WHAT THE TASK ASKS:
Among the records that follow, find the line with "Woodburning Art, Crystal" and the line with "2012 PORSCHE CAYENNE Image 5". Set down those lines and all lines between them exactly, without adding anything.

►

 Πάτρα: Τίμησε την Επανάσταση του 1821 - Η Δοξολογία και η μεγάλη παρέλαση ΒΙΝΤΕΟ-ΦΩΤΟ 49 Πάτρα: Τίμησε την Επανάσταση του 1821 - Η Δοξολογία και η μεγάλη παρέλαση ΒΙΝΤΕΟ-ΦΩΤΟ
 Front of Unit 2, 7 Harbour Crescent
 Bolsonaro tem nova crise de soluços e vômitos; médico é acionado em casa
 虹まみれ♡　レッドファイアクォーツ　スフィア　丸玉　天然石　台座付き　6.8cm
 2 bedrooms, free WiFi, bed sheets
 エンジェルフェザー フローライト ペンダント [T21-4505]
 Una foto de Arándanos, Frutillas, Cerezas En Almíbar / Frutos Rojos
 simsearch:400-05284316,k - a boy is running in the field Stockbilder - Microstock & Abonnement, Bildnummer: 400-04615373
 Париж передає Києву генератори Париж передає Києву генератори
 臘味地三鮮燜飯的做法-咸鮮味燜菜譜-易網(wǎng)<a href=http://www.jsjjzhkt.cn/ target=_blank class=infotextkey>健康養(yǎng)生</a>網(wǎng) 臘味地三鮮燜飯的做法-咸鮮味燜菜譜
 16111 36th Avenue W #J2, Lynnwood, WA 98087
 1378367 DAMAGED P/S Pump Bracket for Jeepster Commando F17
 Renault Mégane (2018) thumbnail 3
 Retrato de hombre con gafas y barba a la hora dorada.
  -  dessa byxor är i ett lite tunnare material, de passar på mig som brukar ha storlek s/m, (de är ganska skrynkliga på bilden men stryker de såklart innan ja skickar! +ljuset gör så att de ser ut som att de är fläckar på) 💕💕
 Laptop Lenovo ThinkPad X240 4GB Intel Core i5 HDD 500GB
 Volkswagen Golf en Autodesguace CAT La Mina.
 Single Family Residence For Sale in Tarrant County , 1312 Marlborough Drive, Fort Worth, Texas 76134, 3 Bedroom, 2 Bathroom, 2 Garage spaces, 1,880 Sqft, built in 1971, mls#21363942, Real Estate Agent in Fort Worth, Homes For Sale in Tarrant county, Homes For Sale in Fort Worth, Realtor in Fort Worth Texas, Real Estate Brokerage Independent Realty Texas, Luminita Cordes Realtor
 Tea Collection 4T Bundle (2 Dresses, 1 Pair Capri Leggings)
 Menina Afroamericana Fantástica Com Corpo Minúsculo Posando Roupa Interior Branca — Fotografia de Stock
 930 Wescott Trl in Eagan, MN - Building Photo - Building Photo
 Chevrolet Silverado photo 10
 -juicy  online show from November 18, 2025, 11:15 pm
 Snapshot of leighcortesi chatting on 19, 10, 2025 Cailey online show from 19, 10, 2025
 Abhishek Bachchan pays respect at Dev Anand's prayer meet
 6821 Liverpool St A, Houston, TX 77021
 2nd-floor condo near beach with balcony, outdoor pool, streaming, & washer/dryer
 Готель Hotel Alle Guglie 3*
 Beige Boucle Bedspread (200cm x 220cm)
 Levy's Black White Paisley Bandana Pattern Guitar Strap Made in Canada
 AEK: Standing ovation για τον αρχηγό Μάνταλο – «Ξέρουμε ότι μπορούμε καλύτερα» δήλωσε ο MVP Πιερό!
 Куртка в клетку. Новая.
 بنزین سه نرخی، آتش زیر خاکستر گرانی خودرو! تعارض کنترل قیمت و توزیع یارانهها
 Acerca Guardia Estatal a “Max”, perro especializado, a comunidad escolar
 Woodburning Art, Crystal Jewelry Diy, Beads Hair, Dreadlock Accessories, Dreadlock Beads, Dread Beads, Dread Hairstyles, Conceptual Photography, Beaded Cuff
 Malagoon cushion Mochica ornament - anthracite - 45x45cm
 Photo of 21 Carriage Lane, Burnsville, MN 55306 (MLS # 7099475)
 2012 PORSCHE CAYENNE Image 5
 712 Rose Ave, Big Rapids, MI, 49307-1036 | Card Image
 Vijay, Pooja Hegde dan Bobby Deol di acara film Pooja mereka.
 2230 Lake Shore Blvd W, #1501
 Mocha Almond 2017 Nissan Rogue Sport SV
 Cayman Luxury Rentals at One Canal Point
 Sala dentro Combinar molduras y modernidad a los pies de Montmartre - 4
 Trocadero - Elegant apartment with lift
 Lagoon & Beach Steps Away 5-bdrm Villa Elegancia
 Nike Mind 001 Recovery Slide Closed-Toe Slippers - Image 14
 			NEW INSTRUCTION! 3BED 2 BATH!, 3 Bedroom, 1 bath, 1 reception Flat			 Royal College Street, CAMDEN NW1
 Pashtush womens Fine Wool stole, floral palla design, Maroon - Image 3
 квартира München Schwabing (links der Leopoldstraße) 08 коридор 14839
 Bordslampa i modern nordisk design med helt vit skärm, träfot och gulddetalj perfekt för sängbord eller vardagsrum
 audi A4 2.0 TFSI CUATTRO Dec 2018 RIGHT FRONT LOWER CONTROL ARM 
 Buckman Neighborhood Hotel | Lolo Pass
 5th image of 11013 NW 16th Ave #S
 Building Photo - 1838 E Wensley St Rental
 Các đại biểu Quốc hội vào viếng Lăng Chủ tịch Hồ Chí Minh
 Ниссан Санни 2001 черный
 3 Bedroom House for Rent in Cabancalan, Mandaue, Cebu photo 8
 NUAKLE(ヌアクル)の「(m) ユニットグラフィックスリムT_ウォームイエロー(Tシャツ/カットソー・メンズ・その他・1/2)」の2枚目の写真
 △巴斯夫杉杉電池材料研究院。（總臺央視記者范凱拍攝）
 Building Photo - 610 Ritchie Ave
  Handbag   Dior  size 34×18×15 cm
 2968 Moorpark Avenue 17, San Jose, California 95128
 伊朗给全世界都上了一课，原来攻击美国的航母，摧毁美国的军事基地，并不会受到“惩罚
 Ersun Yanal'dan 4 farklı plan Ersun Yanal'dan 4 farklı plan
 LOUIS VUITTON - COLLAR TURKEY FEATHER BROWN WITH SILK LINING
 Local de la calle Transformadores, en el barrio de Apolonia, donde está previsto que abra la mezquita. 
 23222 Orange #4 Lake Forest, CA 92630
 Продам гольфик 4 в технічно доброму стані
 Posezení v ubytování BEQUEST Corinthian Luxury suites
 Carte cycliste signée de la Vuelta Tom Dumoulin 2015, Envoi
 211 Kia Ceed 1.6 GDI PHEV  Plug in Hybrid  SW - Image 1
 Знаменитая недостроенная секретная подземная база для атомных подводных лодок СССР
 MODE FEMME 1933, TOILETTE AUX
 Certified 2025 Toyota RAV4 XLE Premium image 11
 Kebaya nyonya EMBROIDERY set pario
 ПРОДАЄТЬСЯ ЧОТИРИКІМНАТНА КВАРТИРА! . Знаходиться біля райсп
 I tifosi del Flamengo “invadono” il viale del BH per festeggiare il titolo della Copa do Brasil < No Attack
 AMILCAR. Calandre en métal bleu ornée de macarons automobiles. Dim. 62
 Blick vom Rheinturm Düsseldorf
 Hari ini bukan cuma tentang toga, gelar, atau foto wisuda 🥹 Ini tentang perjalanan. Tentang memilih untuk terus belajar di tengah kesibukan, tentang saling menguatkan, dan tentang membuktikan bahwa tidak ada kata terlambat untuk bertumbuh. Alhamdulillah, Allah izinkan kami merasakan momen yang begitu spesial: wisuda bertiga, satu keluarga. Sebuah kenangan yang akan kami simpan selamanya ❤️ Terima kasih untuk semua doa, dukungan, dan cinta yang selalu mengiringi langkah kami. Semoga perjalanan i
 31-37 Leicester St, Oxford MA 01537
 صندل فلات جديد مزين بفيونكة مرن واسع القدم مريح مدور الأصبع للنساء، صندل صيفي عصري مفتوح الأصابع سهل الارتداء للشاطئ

◄

RESULT OF THIS TASK:
 Woodburning Art, Crystal Jewelry Diy, Beads Hair, Dreadlock Accessories, Dreadlock Beads, Dread Beads, Dread Hairstyles, Conceptual Photography, Beaded Cuff
 Malagoon cushion Mochica ornament - anthracite - 45x45cm
 Photo of 21 Carriage Lane, Burnsville, MN 55306 (MLS # 7099475)
 2012 PORSCHE CAYENNE Image 5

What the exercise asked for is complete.